For the designers, these companies are like tweens going through a self-discovery phase: They want an office that is a visual manifestation of their brand and the desires of their employees. At the in-the-works financial district offices of online brainteaser company Lumosity, Geremia is installing large-scale mind games in the conference rooms, connect-the-dots wallpaper, and tangram-inspired bookshelves. At LightSail, a green-minded energy-storage company in Berkeley, she’s prototyping tanklike light fixtures that contain growing plants and algae. At Weebly, a web-hosting service, Huntsman designed a secret room for potential new hires that opens through a library bookshelf. (Pull on the right hardcover volume.) At Quid, a company that tracks online technology for investment firms, Studio O+A created a circuitous white-on-white entrance to convey a ’60s spy novel atmosphere. At Airbnb, software developers gather in a room modeled after the War Room in Dr. Strangelove. And at Twitch, a live-streaming gaming platform, higher-ups requested a sensory deprivation tank for employees craving an escape from their screens. (“Ultimately we couldn’t support the weight,” sighs Wagner.)
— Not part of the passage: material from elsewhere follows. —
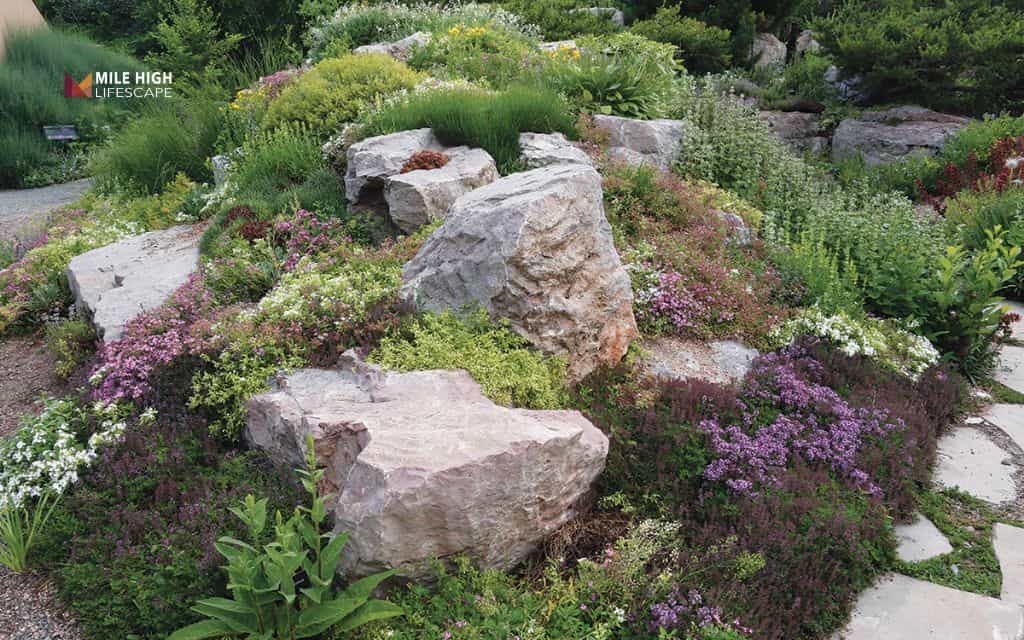 landscaping ideas: Build a DIY rock garden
The new San Francisco office is a party hub, a buzzy restaurant, a getaway, and an underground gallery. “It’s like red carpet meets hotel lobby meets cafĂ©,” says Burry. At the SoMa office of giant Pixel, a software developer, Studio O+A turned the basement into a sprawling whiskey bar. “A lot of social lubricant is being brought into the workspace,” says Sara Anderson, an associate principal at design firm Perkins+Will. “You have to create this hybrid place where you can get work done, throw a party, or just shoot the shit.”
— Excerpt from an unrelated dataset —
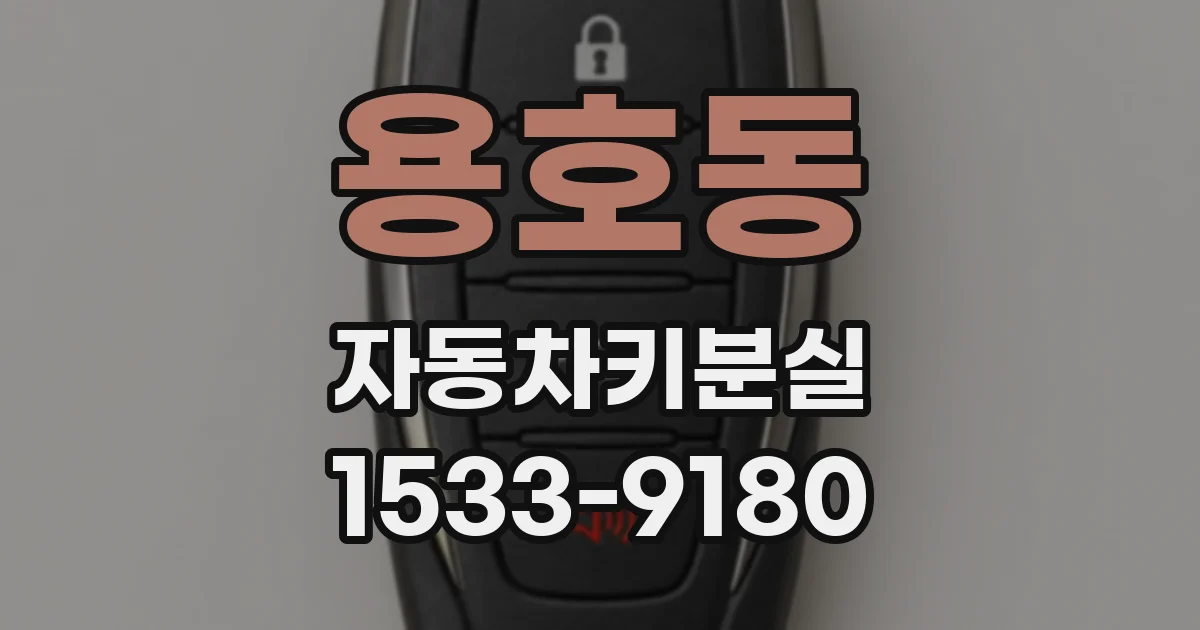 용호동 자동차키분실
But these loungey, multitasking designs aren’t purely for fun—they’re bred largely out of necessity. As more tech companies look to make the jump from the suburban campus model popularized by Google and Apple to the city, rents in San Francisco continue to soar. According to local real estate firm Transwestern, year-over-year rents are up 21 percent for downtown office space: at up to $50.83 per square foot, compared with $39.84 last year. Coveted brick-and-timber warehouse buildings in SoMa—which designers wistfully liken to unicorns—are scarce. “For the last 10 years, the square-footage-per-worker allocation has been shrinking. People were trying to find the bottom,” says Wagner. “It was ‘How little can we have and not have a rebellion on our hands?’” That squeeze ushered in the popularity of benching, in which employees sit at long communal tables—bringing the per-person space allocation to as low as 130 square feet. “You’re basically separated from the next employee by the screen of your MacBook,” he says.
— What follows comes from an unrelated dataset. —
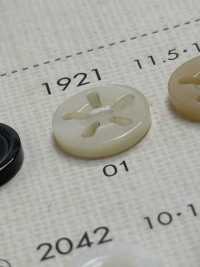 1921 DAIYA BUTTONS 5仿贝壳聚酯纤维纽扣 Osaka Plastic Industries（DAIYA BUTTON） 更多图片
Tech firms, in all their marketing ingenuity, have found a way to spin the space deficit: It’s not downsizing—it’s “integrating.” Fifteen years ago, the 70/30 ratio was the gold standard—70 percent of workers in cubicles, 30 percent in private offices— but today, private offices are becoming obsolete. In the new downtown offices of Gensler, for example, one third of the workforce won’t even have an assigned desk; instead, they will roam freely among common areas. In the new office prototype, environments are adaptable: movable and retractable walls, pivoting doors, platforms that double as tables and seats, and desks and chairs set upon wheels. “We can’t afford to create a different setting for every activity, so we need to create a set-ting that accommodates every activity,” Wagner says.

Space isn’t the only casualty of the real estate boom. As rents have climbed, design budgets “have literally gone the opposite direction,” says Burry. Without sky’s-the-limit budgets, 3,500-person firms like Gensler and 10-person firms like Geremia Design find themselves competing for the same jobs. Shrinking bottom lines have forced Bay Area design firms to work faster and more efficiently to remain relevant. “The backlash, then, is companies saying, ‘Oh, you can do this for less,’” says Mary Lee Duff, a principal at Interior Architects. And if you can’t, someone else can. A fiercely competitive tech sector begets a cutthroat design sector. “It’s a little lean” out there, says Burry, but there’s an upside to all the frenzied competition. “It forces us to be creative, to do more with less.”